さくべーですよ!
ベルゼブブは魔界の城に帰った。
「優一様」
待ちかまえていたように、ジイが声をかけてきた。
「また、朝帰りですか」
「仕事だ」
素っ気なくベルゼブブは答えた。
今回も、佐隈の部屋で一晩すごした。
佐隈が床に寝転がって眠ってしまったあと、ベルゼブブは大声を出して佐隈を起こし、ガミガミ文句を言って、ベッドに行かせた。
そのあいだ、佐隈はベルゼブブを抱いたままだったので、前回同様、ベルゼブブは佐隈と同じベッドで寝たのだった。

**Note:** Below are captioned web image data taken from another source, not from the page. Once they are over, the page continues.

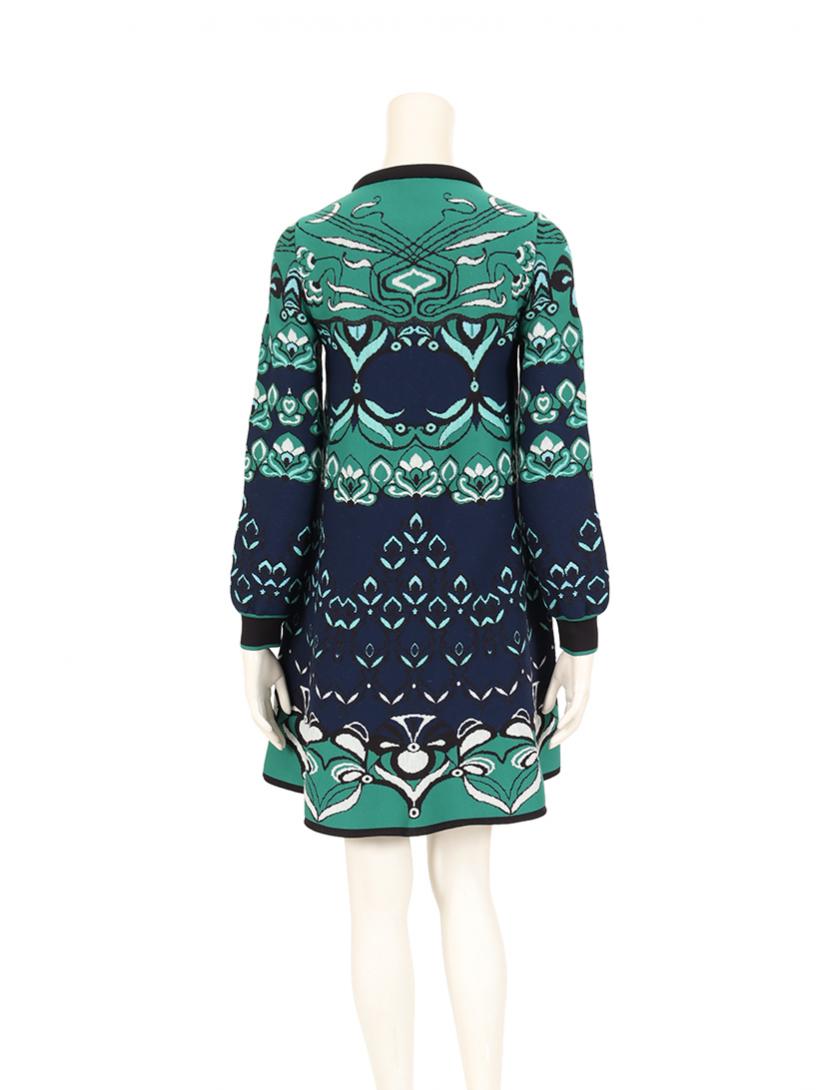エムミッソーニ M Missoni ニットワンピース 緑 ネイビー 黒 ハイブランド ブランド専門の中古通販サイト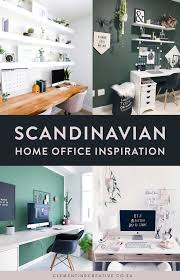 Scandinavian Workspace Inspiration 6 Modern Home Office Ideas Workspace Inspiration Office Inspiration Workspaces Modern Home Offices
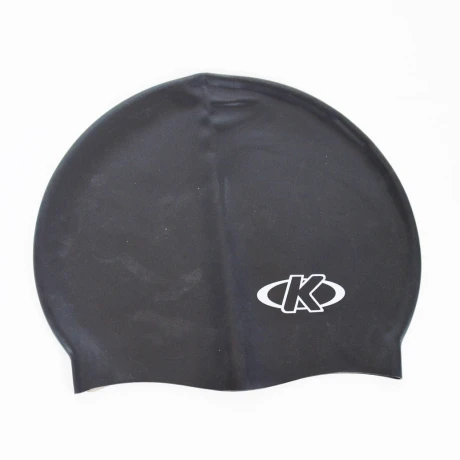 Gorra de Agua Natación Pileta Silicona NEGRO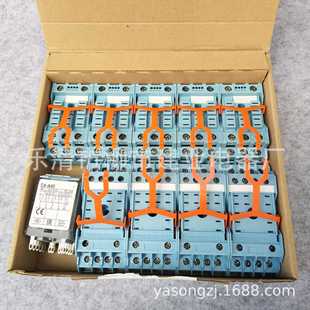 J中间继电器底座 配套C4 A40 440X RELECO西班牙S4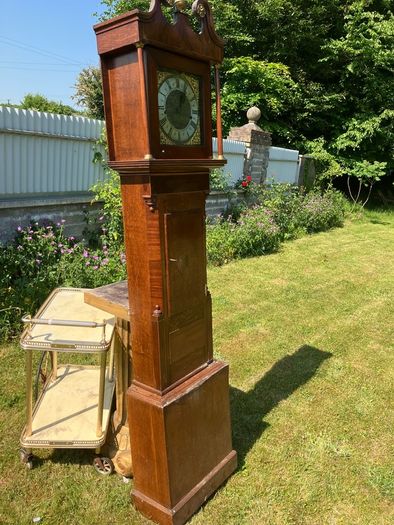 longcase clock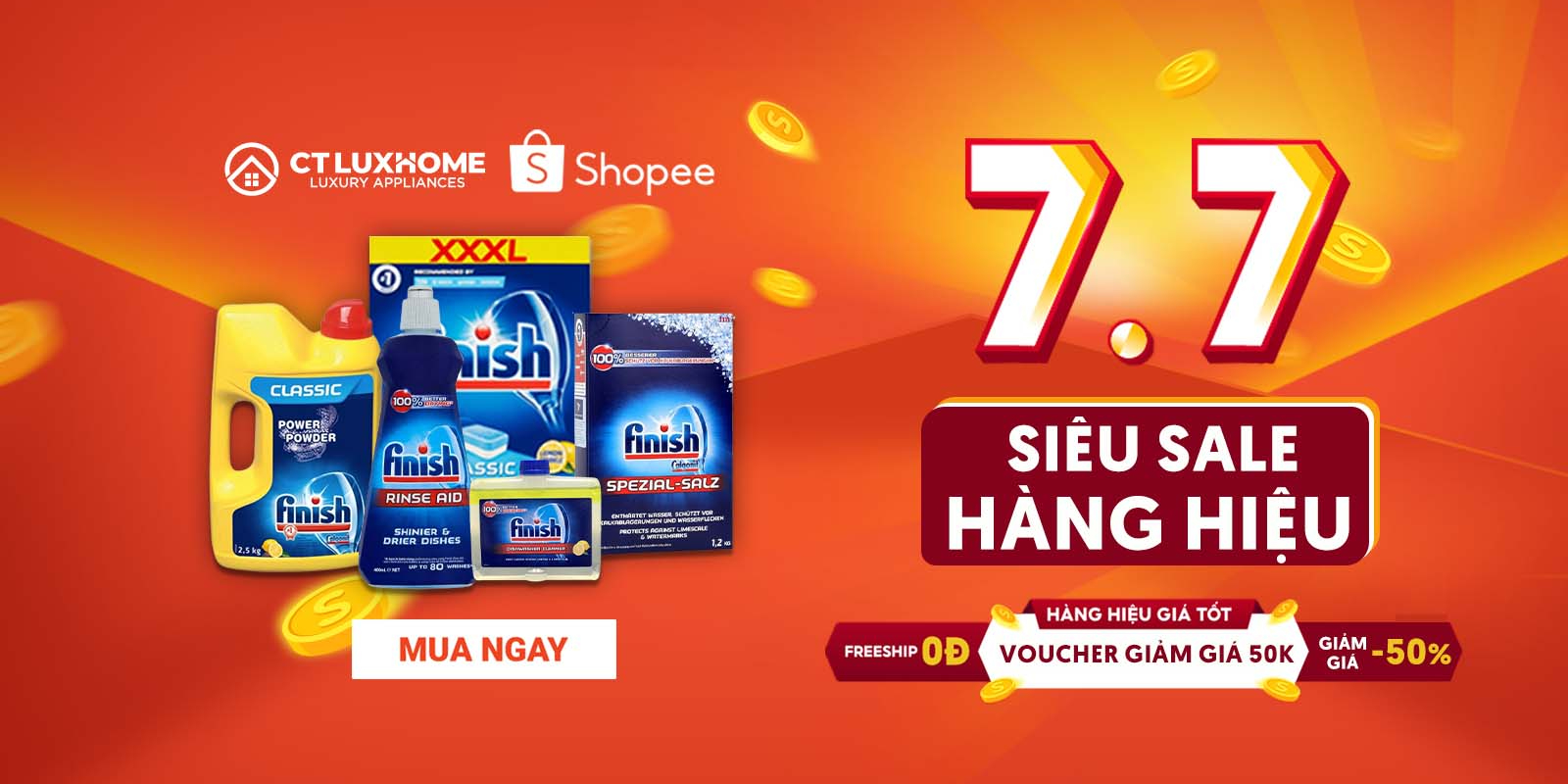 CT Luxhome, Cửa hàng trực tuyến Shopee Việt Nam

自分の身体には、また、佐隈のにおいが移っているかもしれない。
しかし、今回は蝶ネクタイをちゃんとしている。
今回も、寝ているあいだに無意識のうちに蝶ネクタイを外し、第一ボタンも外していたのだが、今回は、人間界でそれに気づいて元通りにしたのだった。
同じ失敗はしない。
「そうですか」
ジイは追求してこなかった。
これで、この件は終わりにしたい。
そう思って、ベルゼブブは歩きだした。
しかし。
「優一様」
歩きだしてすぐに、ジイに呼び止められる。
「なんだ?」
足を止めたベルゼブブに、ジイは自分の羽根を使って飛んで近づいてくる。
ジイの手がベルゼブブの頭に触れた。
だが、すぐに離れていった。
ジイは廊下におりた。
それから、さっきベルゼブブの頭に触れたほうの手をさしだした。
その指はなにかをつかんでいる。
髪の毛だ。
一本だけである。
それを、ジイはベルゼブブのまえに垂らして見せる。
「優一様の頭に、この髪の毛がついていました」
その髪の毛は黒色で、少し長い。
「優一様の髪は金色のはずですが……」
佐隈の髪に違いない。
抱きしめられたとき、あるいは、一緒に寝ていたときに、ついたのだろう。
ベルゼブブはジイから佐隈の髪を取りあげた。
「……優一様、その髪をどうされるのですか?」
「捨てるに決まっているだろう!」
そう答えると、ベルゼブブは逃げるように足早に歩きだした。